AMED - Medyadaki erilliği tamamen değiştirme hedefiyle mücadele ettiklerini belirten JINNEWS Haber Müdürü Safiye Alağaş, “Dil değiştikçe zihniyet, zihniyet değiştikçe kişi değişir” dedi.
Eril tahakkümün kırılması ve eşitliğin yaşama geçirilmesinde mücadele yürütülen alanlardan biri de medya. Bu mücadele, kadının medyadaki görünürlüğü açısından oldukça önem taşıyor. Toplumsal cinsiyet ayrımcılığı içerisinde hem kurumda hem sahada ciddi ayrımcılıkla karşı karşıya kalan kadın gazetecilerin temsiliyetinde yıllar içerisinde bir iyileşme olsa da erkek hakimiyeti hala devam ediyor.
ERİL TAHAKKÜME MÜDAHALE
Toplumda etkili olan medyanın cinsiyetçi diline karşı kadın bakış açısı ise Özgür Basın ile birlikte başladı. Basın alanında güçlü bir mücadele geleneğine ve mirasa sahip olan Kürt kadınlar, eril tahakküme müdahale ederek, 8 Mart 2012 tarihinde “Erkekler ne der diye düşünmeden yazıyoruz" şiarıyla dünyada bir ilk olan Jin Haber Ajansı'nı (JINHA) kurdu.
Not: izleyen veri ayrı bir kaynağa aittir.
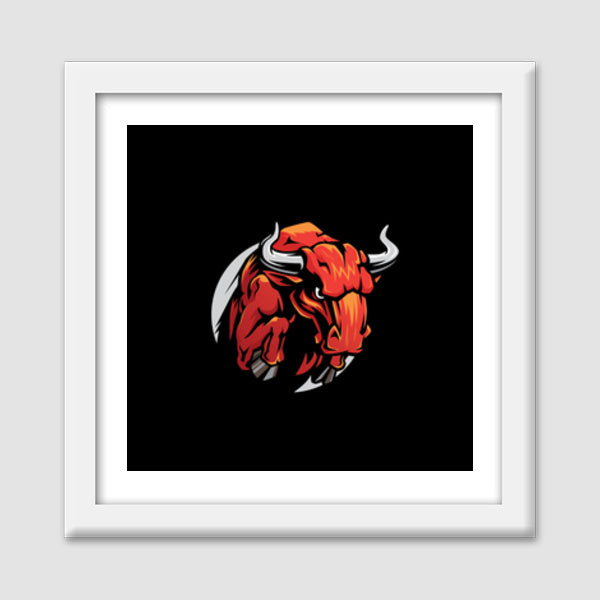 Bull Mascot Premium Square Italian Wooden Frames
Medyaya kadın bakış açısını kazandıran ilk kurumsallaşma olan JINHA, çok kısa bir sürede kadın örgütlerinin sesi soluğu oldu. 29 Ekim 2016’da yayımlanan Kanun Hükmünde Kararname (KHK) ile kapatılınca, internetten yayın yapan Gazete Şujin ile yola devam edildi. Şujin’in da bir yılını dahi doldurmadan 25 Ağustos 2017’de kapatılması üzerine mücadele kararlılığı JINNEWS ile sürdürüldü.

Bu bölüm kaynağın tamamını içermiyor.